Transcript of Question & Answer Session The Recovery from a Very Uneven Recession


For the virtual audience, if you can go on to Slido and put some questions in there. Governor, I'll start with a question myself and then we'll go to the room and then we'll see what comes through on the Slido, okay. It's been a week since the Treasurer released the federal budget. In your opinion, was the magnitude and timing of the announced spending measures meaningful for removing the concern that some people would say would be termed as a fiscal cliff?

Philip Lowe

Well, I don't want to comment on the specifics of the budget, but I think the strategy is right. As the Treasurer and the Prime Minister have identified, creating jobs is a priority. You look at the entirety of the budget and I think it's going to do that. The continuing income support to people will help.
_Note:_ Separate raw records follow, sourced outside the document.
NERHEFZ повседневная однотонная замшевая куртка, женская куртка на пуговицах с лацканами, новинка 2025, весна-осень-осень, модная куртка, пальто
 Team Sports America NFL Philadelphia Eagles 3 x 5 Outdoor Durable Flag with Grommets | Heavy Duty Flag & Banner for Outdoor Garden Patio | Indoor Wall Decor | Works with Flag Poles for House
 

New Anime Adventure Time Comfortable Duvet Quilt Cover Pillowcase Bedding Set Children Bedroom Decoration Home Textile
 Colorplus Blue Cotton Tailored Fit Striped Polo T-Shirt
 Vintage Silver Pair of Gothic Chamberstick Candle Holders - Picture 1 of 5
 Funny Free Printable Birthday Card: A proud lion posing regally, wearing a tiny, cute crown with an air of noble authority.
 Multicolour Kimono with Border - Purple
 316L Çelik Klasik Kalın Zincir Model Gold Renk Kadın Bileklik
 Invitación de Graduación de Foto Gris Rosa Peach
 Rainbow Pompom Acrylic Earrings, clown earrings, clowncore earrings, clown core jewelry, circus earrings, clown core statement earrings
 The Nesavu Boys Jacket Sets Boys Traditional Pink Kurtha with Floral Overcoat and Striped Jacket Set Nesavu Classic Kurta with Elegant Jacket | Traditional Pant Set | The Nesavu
As people have this income, they will spend it and that will help to create jobs. There are initiatives to create jobs directly through public spending on infrastructure and public health. There are also incentives for businesses to expand and invest and hire people; that will help. And there are some structural reforms in the budget which hopefully give business confidence that the economy will grow.

I think you put all that together, there's enough there to give me confidence that this will be enough to get the recovery going and continue. I would like to see the states play a role in the fiscal response as well. For those of you who have been reading the media and have seen the National Cabinet Meeting, I suggested to the states that it would be good if they increase their spending by an additional 2 per cent of GDP. There's been some progress on that front, I'd like to see further progress but the fiscal response, broadly speaking, has been what the country needed.


Thank you. All right, we'll take from the audience? A microphone please.

Rory Robertson, Westpac Group Treasury

Governor Lowe, thank you for your important update today. Former Treasurer and Prime Minister, Paul Keating, was recently highly critical of the Bank for supposedly not doing enough. You've shown a chart of the Bank's balance sheet that shows the Reserve Bank has done plenty. The question is, has it done enough? You've said today, just a moment ago, that ‘larger increases in balance sheets have occurred in other countries, we are considering the implications of this as we work through our own options.’ In July, you mentioned that the Reserve Bank was open to the idea of possibly doing a QE program where longer term government debt might be bought, over and above what's needed to satisfy the 3-year yield target.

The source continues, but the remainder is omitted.